Ahead of the shotguns booming out for the ‘Glorious’ Twelfth, this striking collection underlines the plight of these beautiful hawks and the campaign to save them
Between 1837 and 1840 on the Glengarry estate in Inverness-shire, gamekeepers’ tally books show them to have killed 63 hen harriers, 63 goshawks, 98 peregrines, 27 white-tailed sea eagles, 15 golden eagles, 18 ospreys, six gyrfalcons, 11 hobbies, 275 kites, 285 buzzards, 462 kestrels, 78 merlins and 35 horned owls, as well as 198 wildcats, 246 pine martens and hundreds of assorted other mustelids and corvids.

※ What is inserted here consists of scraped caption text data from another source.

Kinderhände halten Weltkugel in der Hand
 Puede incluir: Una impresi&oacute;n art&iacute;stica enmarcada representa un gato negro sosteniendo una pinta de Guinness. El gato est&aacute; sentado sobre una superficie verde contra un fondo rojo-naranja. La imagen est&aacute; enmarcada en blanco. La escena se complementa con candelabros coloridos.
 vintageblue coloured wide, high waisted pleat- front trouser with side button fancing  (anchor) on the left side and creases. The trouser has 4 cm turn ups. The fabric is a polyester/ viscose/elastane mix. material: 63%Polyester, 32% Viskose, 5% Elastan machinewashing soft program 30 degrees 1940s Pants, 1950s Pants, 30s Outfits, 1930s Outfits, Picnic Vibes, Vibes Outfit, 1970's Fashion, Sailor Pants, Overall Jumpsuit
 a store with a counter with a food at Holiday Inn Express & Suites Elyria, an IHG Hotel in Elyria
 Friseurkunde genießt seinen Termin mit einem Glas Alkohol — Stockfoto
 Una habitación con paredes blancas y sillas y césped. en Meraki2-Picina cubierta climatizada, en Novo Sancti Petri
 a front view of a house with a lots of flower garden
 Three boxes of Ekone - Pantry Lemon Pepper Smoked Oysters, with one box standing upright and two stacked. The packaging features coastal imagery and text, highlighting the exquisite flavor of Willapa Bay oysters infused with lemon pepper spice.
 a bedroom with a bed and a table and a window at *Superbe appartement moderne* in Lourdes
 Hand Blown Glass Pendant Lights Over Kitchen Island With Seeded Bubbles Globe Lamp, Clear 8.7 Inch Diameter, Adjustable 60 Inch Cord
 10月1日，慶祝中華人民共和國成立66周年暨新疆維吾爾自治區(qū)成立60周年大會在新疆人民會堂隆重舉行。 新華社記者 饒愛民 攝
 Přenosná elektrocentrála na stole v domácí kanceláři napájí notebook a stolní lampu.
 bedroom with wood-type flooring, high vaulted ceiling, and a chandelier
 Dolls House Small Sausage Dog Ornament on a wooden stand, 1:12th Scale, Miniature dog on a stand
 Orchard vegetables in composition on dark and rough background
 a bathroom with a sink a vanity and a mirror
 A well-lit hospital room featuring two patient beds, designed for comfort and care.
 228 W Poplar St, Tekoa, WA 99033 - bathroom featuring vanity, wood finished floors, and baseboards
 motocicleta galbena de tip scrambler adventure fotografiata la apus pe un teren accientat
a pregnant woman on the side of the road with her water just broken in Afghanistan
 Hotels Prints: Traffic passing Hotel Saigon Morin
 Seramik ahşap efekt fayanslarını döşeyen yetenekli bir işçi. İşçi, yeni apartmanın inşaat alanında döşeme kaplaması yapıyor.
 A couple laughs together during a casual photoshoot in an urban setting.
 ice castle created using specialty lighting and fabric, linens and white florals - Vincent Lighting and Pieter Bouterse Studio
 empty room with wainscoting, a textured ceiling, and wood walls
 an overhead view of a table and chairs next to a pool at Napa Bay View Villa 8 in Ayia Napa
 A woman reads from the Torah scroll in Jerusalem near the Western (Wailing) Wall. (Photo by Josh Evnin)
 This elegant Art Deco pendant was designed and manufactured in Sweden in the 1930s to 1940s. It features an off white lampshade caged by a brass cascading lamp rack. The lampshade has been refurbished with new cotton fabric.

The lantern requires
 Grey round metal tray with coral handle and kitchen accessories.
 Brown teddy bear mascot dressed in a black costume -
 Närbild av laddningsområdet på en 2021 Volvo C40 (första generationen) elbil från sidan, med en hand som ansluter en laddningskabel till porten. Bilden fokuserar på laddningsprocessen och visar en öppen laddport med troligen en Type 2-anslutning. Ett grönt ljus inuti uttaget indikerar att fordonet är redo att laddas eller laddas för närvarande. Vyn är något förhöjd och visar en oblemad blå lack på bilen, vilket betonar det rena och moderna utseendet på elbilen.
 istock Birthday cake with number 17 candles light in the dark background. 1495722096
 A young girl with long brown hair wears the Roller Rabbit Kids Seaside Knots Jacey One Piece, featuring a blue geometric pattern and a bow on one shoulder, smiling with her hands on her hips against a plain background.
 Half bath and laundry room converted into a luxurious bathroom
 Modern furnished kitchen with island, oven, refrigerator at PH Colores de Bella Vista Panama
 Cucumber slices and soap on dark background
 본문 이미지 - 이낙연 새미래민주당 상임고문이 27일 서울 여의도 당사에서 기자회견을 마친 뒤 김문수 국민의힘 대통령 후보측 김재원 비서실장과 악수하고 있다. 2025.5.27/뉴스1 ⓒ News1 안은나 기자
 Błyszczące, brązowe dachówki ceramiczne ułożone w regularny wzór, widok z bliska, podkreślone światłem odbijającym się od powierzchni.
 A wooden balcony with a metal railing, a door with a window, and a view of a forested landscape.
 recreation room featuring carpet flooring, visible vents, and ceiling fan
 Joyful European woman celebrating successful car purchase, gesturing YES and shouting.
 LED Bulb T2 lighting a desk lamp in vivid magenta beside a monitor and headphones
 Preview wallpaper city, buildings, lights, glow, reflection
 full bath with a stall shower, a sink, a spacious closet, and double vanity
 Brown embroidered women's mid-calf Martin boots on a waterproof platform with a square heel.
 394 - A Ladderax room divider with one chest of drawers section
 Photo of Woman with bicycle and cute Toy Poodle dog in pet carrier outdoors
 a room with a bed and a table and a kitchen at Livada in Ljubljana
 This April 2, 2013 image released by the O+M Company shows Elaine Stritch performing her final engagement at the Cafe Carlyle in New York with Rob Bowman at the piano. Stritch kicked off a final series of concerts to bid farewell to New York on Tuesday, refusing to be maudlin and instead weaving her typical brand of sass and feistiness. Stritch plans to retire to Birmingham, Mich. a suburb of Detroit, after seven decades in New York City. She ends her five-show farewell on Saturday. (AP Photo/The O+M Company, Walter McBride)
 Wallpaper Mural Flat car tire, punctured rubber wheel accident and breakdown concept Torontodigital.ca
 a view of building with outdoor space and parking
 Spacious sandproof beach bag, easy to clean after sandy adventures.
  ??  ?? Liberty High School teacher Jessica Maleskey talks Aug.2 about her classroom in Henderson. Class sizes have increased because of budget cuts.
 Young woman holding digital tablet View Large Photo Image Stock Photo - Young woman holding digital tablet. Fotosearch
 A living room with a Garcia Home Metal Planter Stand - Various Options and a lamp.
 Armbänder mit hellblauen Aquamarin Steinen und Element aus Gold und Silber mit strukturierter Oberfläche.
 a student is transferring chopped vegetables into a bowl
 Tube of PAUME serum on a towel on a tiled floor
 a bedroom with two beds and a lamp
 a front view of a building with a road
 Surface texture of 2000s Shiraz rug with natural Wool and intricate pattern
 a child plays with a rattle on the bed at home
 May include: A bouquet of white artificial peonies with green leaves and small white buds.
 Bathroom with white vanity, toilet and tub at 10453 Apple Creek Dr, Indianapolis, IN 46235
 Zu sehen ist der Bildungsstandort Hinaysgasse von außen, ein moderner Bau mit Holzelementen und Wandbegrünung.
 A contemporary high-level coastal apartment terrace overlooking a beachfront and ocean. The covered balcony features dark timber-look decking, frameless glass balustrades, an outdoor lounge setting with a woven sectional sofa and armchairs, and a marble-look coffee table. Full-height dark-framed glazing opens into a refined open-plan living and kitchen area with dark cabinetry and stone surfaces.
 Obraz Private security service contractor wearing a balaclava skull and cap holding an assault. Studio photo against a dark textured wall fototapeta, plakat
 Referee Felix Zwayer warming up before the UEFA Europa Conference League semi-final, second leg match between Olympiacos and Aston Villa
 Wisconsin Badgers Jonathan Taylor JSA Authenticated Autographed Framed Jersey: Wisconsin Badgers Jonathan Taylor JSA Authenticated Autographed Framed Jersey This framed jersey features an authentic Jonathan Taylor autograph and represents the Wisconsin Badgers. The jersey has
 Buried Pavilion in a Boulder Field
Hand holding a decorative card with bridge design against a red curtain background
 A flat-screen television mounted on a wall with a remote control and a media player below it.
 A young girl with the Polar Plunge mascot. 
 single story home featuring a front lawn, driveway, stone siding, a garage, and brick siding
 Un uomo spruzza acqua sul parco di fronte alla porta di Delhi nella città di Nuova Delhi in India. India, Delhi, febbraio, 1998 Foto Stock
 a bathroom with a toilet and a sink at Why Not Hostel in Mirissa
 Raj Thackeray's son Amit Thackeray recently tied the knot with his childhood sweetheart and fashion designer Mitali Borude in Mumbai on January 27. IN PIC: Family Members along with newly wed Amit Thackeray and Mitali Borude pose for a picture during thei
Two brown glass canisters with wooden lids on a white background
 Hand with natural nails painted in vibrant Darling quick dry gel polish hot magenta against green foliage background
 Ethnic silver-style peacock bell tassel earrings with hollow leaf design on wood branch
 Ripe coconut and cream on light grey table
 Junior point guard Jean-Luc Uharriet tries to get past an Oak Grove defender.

Today, you read these notorious records doubly amazed: that wildlife slaughter on this scale should have been permissible – and that it should have been possible. Sixty-three goshawks on a single estate? Sixty-three hen harriers? Eighteen ospreys? Six gyrfalcons? Such abundance now seems fabulous, for the avian predator populations of upland Britain have never really recovered from the massacres they underwent in the 19th century. The 1954 Protection of Birds Act outlawed the killing of any bird of prey except the sparrowhawk (protection for which followed in 1962), but illegal persecution has, atrociously, persisted – especially on and around grouse moors. Raptors are still regularly shot and poisoned, and their nest sites wrecked. Successful prosecutions for these crimes are rare.